Lattice-based public key cryptography has become a promising potential alternative to public key cryptography based on traditional number theory assumptions. One building block of lattice-based cryptography, especially in encryption, is the learning with errors (LWE) problem. After the introduction of LWE problem by Regev. Many lattice-based primitives based on LWE have been discovered. What motivates the work in this talk is to try to build a simple key exchange protocol using the basic idea of Diffie-Hellman protocol
but based on the LWE and RLWE problem. As far as we know
there is not yet until very recently any provably secure key exchange protocols based on the LWE problem as a direct generalization of the Diffie-Hellman key exchange protocol, which is elegant in terms of its simplicity. Our work was finished in 2012.
Recent works on LWE-based Key exchange protocols including new hope used by Google Chrome Canary are all variants of our protocol with minor modifications but some with significant contributions in concrete implementations.
The key idea behind our new construction is the associative law of matrix multiplication (AxB)xC= Ax(BxC). Surely in order to make the system provably secure, we need to introduce the small errors to achieve our goal. The main contribution of our work is to use this simple
idea to build a simple and provably secure key exchange scheme.

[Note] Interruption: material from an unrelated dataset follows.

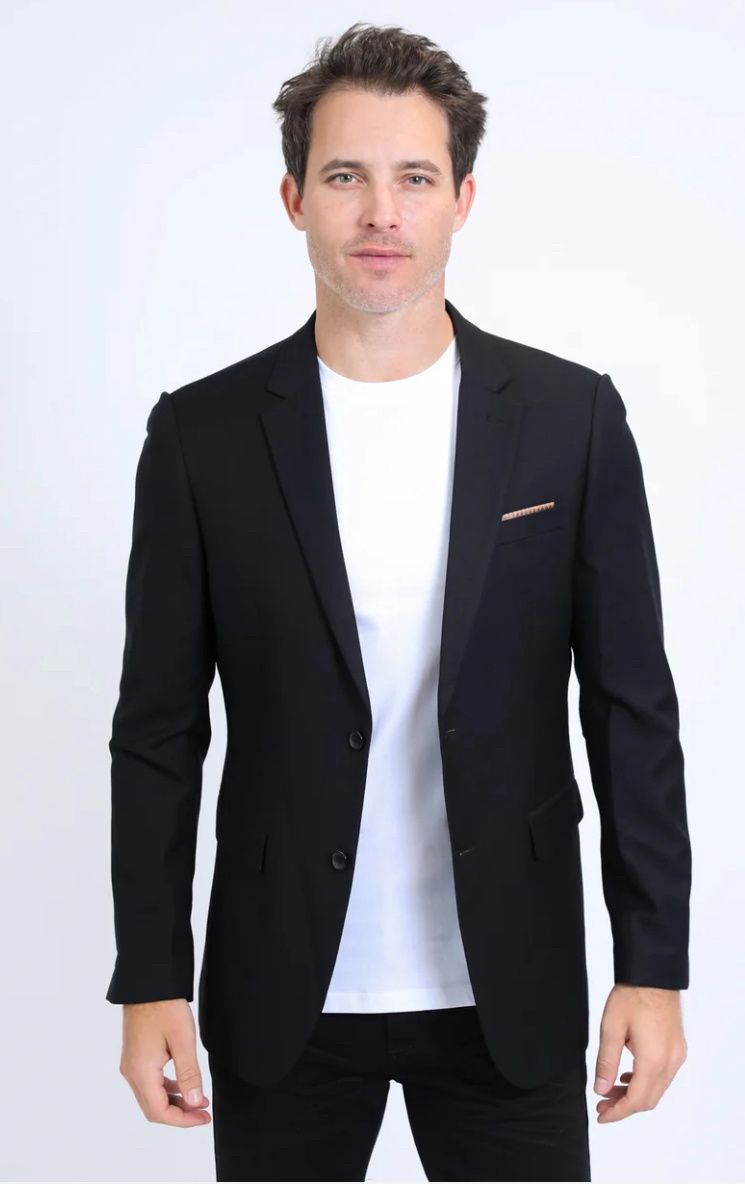 Mens Modern Fit Stretch Date Night Black Blazer BLZ10535, Colour: BLACK, Size: M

The idea of such an "noise" or "approximate" KE appeared long time ago like the work of Buchmann and Williams and recently the work using coding theory. A new fundamental contributions of ours, which is something very different from the DH KE is that we developed a new idea of "signal functions" as a additional tool needed to round the approximate value to a shared secret without affecting the security.
Furthermore, we extend our construction further based on the RLWE problem. Our construction is a significant additional step in showing how versatile the LWE assumption can be.